_To do_
Give the data again exactly, from its opening line through the line in which "Blus - Jätte fin men använder ej" appears.

_Input data_
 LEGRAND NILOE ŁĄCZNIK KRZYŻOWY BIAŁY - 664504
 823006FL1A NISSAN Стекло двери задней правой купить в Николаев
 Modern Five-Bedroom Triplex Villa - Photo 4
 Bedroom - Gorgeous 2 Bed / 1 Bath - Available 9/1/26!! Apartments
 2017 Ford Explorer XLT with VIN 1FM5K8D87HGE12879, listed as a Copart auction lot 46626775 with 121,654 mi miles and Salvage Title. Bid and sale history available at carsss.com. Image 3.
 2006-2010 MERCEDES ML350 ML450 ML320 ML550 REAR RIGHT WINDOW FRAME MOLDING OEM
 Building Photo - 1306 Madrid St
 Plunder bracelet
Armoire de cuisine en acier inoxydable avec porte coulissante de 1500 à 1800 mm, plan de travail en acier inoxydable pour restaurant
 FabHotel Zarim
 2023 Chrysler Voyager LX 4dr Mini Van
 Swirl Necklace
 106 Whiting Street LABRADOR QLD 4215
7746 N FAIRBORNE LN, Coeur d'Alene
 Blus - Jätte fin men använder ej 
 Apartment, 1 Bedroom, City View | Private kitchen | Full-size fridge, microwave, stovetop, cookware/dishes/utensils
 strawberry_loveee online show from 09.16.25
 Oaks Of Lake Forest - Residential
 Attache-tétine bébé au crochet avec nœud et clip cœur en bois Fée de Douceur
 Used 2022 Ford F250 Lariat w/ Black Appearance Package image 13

_Exercise response_
 LEGRAND NILOE ŁĄCZNIK KRZYŻOWY BIAŁY - 664504
 823006FL1A NISSAN Стекло двери задней правой купить в Николаев
 Modern Five-Bedroom Triplex Villa - Photo 4
 Bedroom - Gorgeous 2 Bed / 1 Bath - Available 9/1/26!! Apartments
 2017 Ford Explorer XLT with VIN 1FM5K8D87HGE12879, listed as a Copart auction lot 46626775 with 121,654 mi miles and Salvage Title. Bid and sale history available at carsss.com. Image 3.
 2006-2010 MERCEDES ML350 ML450 ML320 ML550 REAR RIGHT WINDOW FRAME MOLDING OEM
 Building Photo - 1306 Madrid St
 Plunder bracelet
Armoire de cuisine en acier inoxydable avec porte coulissante de 1500 à 1800 mm, plan de travail en acier inoxydable pour restaurant
 FabHotel Zarim
 2023 Chrysler Voyager LX 4dr Mini Van
 Swirl Necklace
 106 Whiting Street LABRADOR QLD 4215
7746 N FAIRBORNE LN, Coeur d'Alene
 Blus - Jätte fin men använder ej 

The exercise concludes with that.